There were several versions of the birth of Dionysus, also known as Bacchus.  According to the one presupposed by Euripides' play, his mother was the Theban Semele, who had been seduced by Zeus.  He was in disguise, as always in his encounters with mortal women. Semele rashly asked that Zeus appear to her in his full majesty.  He did so, in the form of a thunderbolt.  She was destroyed.  Zeus snatched the unborn Dionysus from her womb and sewed it up in his thigh.  At the appropriate time, Zeus removed him, and gave him to Hermes.  The early childhood of Dionysus was also variously told.  In one version, Hermes took him to Mt. Nysa, in Thrace, Africa, or Asia, depending on the source.  There he has nymphs for nurses, and these become his followers, called "maenads" or "Bacchants." (The play, "Bacchic Women," is named after them.)  Mt.
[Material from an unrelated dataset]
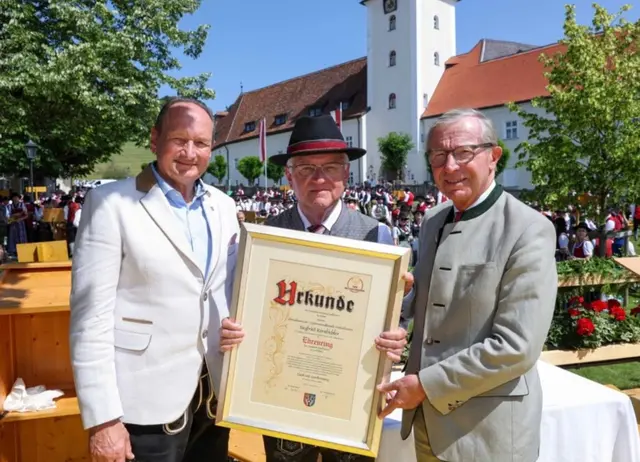 Von links: Dorfbeuerns Bürgermeister Adi Hinterhauser, Ehrenobmann Siegfried Kornbichler und Wilfried Haslauer. | Foto: Land Salzburg/Neumayr/Hölzl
Nysa is the location of one of the several "resistance myths."  Lycurgus (a Thracian) hunted down  Dionysus and his nurses, drove them into the sea, and was blinded a punishment.  Parallel to the resistance myth dramatized in the Bacchae, there are two other stories of the daughters of a king who refuse to accept the divinity of Dionysus and are driven mad as punishment.